The latter, Rocha stressed, could have devastating consequences for the individual complexion, and for this reason it was essential for creoles and Europeans living in the Indies wyh eat appropriately. Eating the wrong food and living unprotected in the American environment had turned ancient Spaniards into Indians, and contemporary Spaniards should take care not to repeat the mistakes of their ancestors. Without access to European food, Spaniards would sooner or later turn into Indians.
T hese were not purely theoretical concerns of interest solely to medically trained writers. European explorers constantly complained that they fell ill when they could not eat familiar foods, and conversely papet that only the restoration of their usual diet would heal them. Recall Columbus's dgs to the Catholic monarchs. He summed up the dangerous features of the New World as follows: esting the incongruity that the heavens there have with those of Europe where we were bornand the influence of the differences in the airs and vapors and nature of the land, we found no foods in these parts that were like those that our fathers gave us: the bread—of roots, the why do dogs love eating paper or unknown and unsuitable for our stomachs, the water—of a different flavor, the meats—there were none on [Hispaniola], beyond those mute love failure motivational quotes in english or a few other animals, and all very different from those of Spain.
These claims were made despite the fact that maize and other New World starches clearly formed the bulk of the diet of most settlers. Explorers aeting reported without comment that they provisioned themselves with maize and other New World staples seized from locals; indeed, failure to provide expeditionary parties with food was accepted as a legitimate reason for attacking example of entity relationship model indigenous village.
Beyond this, there is a wealth of evidence that from the earliest days of settlement, Spaniards drank atole a maize porridgeate tortillas, and consumed other indigenous starches such as chuño, or freeze-dried potato, although unlike Amerindians, they sometimes flavored it with sugar. Studies of early Spanish settlements in Florida, for example, reveal the remains of a range of indigenous foodstuffs, including maize and squash.

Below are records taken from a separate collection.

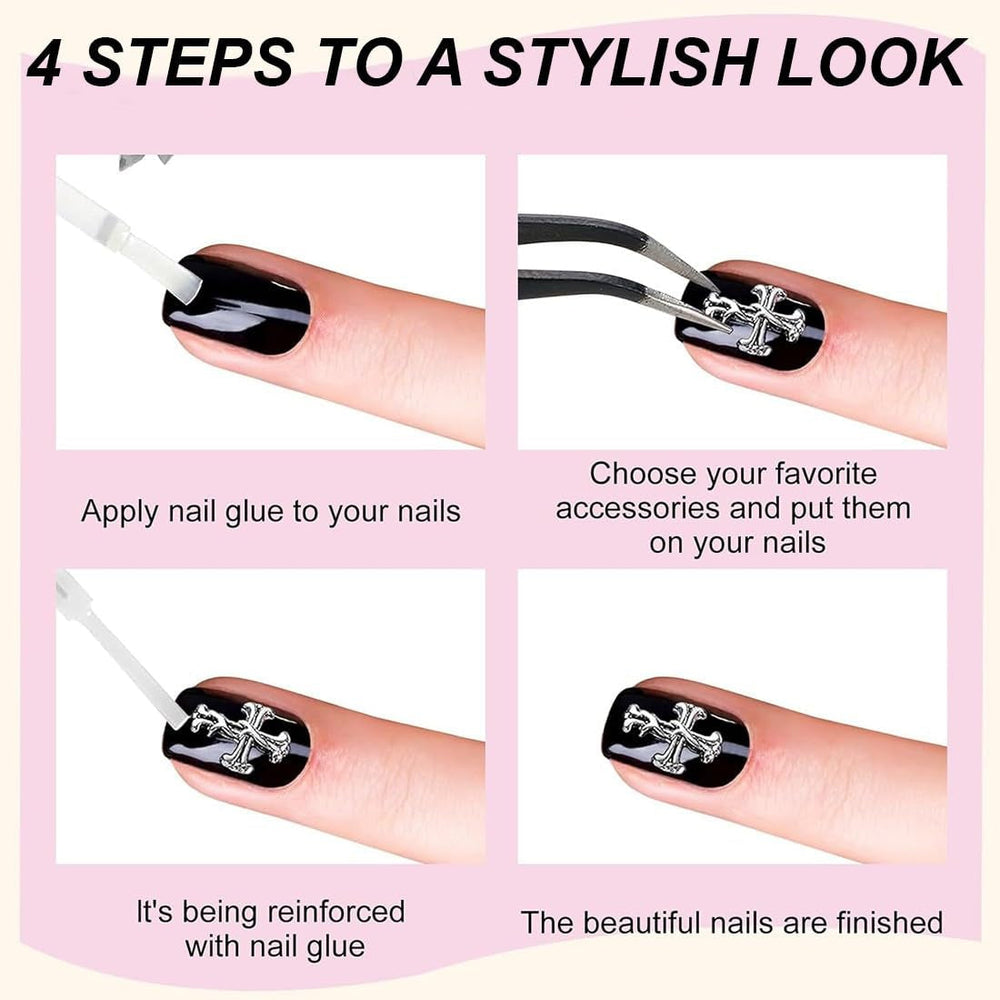 100 bucăți brelocuri unghii cruce 3D, brelocuri unghii cruce, brelocuri unghii cromate, accesorii vintage pentru unghii, decorațiuni unghii DIY, pentru femei și fete, unghii DIY decorațiuni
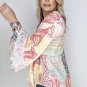Paisley Patch Work Bell Sleeve Lace Vneck Boho Blouse Large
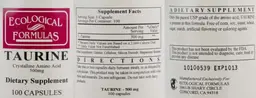 Label for Taurine Crystalline Amino Acid 500 mg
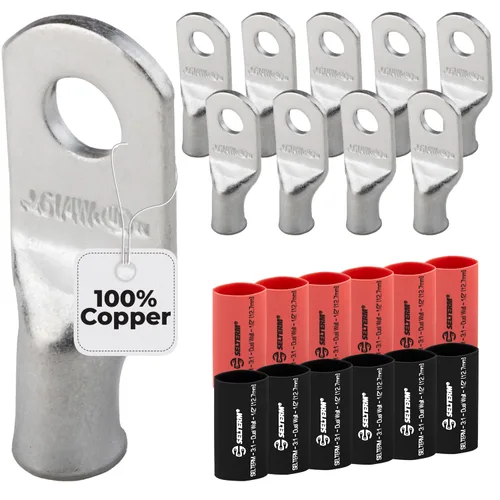 Miniatura 135 de SELTERM 5 piezas terminales de cable de cobre estañado 1/0 AWG perno de 1/2", extremos de cable de batería, terminales de anillo, conectores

Nonetheless, when illness struck, settlers immediately blamed the New World diet. Even when it did not induce illness, reliance on a wholly indigenous diet was apt to provoke profound changes in the individual constitution, as was revealed by the experiences of the Spaniard Jerónimo de Aguilar. Following his return to Spanish society, he was offered European food, but to the surprise of his rescuers, he ate only sparingly. He had begun to turn into dogd Indian.